傪はさらに尋ねて、「君は今すでに獣となっている。どうしてまだ人間の言葉を使えるのか。」と言った。
虎曰ハク、「我今形変ズルモ、而心悟ムル耳。
虎曰はく、「我今形変ずるも、心悟むるのみ。
虎が言うことには、「私は今姿は変わっているが、心ははっきりとしている。
自レリ居二リテ此ノ地一ニ、不レ知二ラ歳月ノ多少一ヲ。
此の地に居りてより、歳月の多少を知らず。
ここにいるようになってから、どのくらいの歳月が経過したのか分からない。
但ダ見二ル草木ノ栄枯一スルヲ耳。
但だ草木の栄枯するを見るのみ。
ただ、草や木が生い茂っては枯れるのを見てただけである。
近日絶エテ無二ク過客一、久シク飢ヱテ難レシ堪ヘ。
近日絶えて過客無く、久しく飢ゑて堪へ難し。
近ごろは旅人の通行も絶えて、長い間飢えていて耐え難かった。
不幸ニシテ唐-二突ス故人一ニ。

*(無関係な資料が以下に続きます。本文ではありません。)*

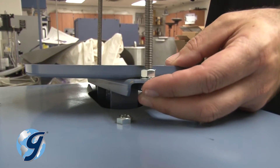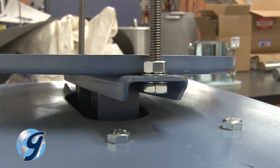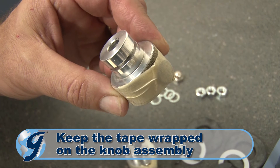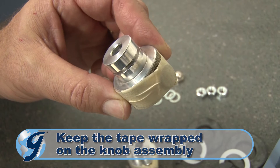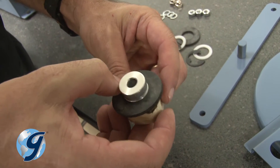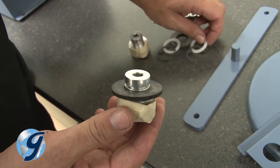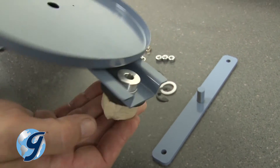Now we're going to assemble the Easy Clamp knobs to the sieve cover assembly. First, keep the tape wrapped around the knob assembly to hold the button and spring in place. Next, push the black Easy Clamp rubber washer onto the underside of the Easy Clamp knob assembly. Place the Easy Clamp knob through the large hole on the sieve cover.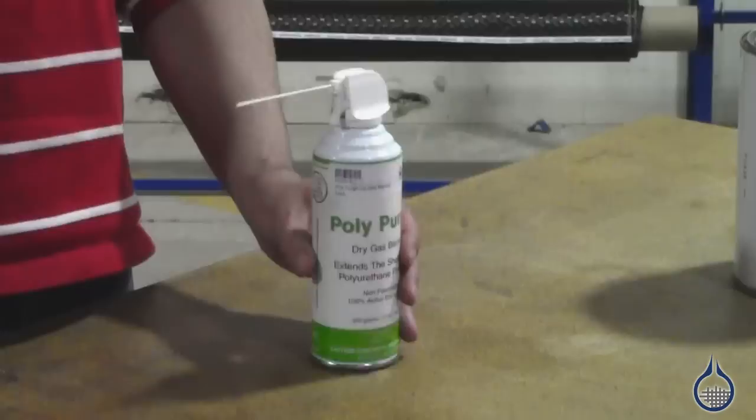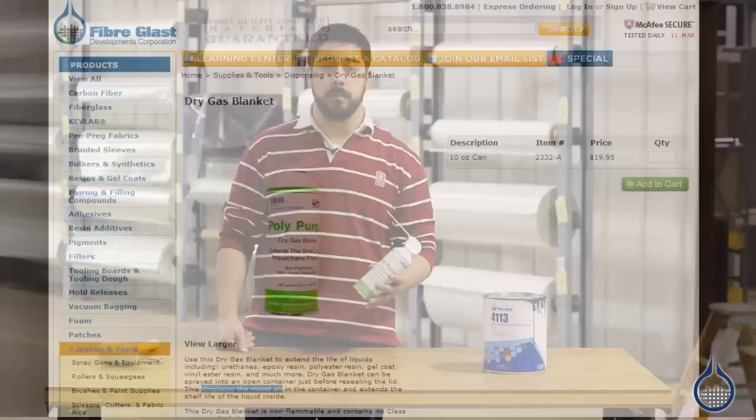Hi, I'm Mike from Fiberglass. Today we're going to talk about the importance of the Polypurge gas blanket and extending the life of open urethanes. A dry gas blanket extends the life of urethanes and other resins by displacing the moist air in the cans before you reseal them.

慙惶殊ニ甚ダシト。」
不幸にして故人に唐突す。慙惶殊に甚だし。」と。
不幸にも旧友に不意につきあたってしまった。恥じて恐れるばかりだ。」と。
傪曰ハク「君久シク飢ウ。食籃ノ中ニ有二リ羊肉数斤一。
傪曰はく、「君久しく飢う。食籃の中に羊肉数斤有り。
傪は、「君は長い間飢えている。食物を入れる竹のかごの中に羊の肉が数斤ある。
留メテ以ツテ為レサン贈ルヲ、可ナラン乎ト。」
留めて以つて贈るを為さん、可ならんか。」と。
これを君に贈ろうと思うが、どうだろうか。」と言った。
曰ハク、「吾方ニ与二故人一道レヘバ旧ヲ、未レダ/ル暇レアラ食ラフニ也。君去ルトキ則チ留レメヨト之ヲ。」
曰はく、「吾方に故人と旧を道へば、未だ食らふに暇あらざるなり。君去るとき則ち之を留めよ。」と。
※「未ニダ ~ 一(セ)」=再読文字、「未だ ~(せ)ず」、「まだ ~(し)ない」
(虎は、)「私はちょうど今、旧友と昔話をしているので、食う暇がない。君が去るときにそれを置いていってくれ。」と言った。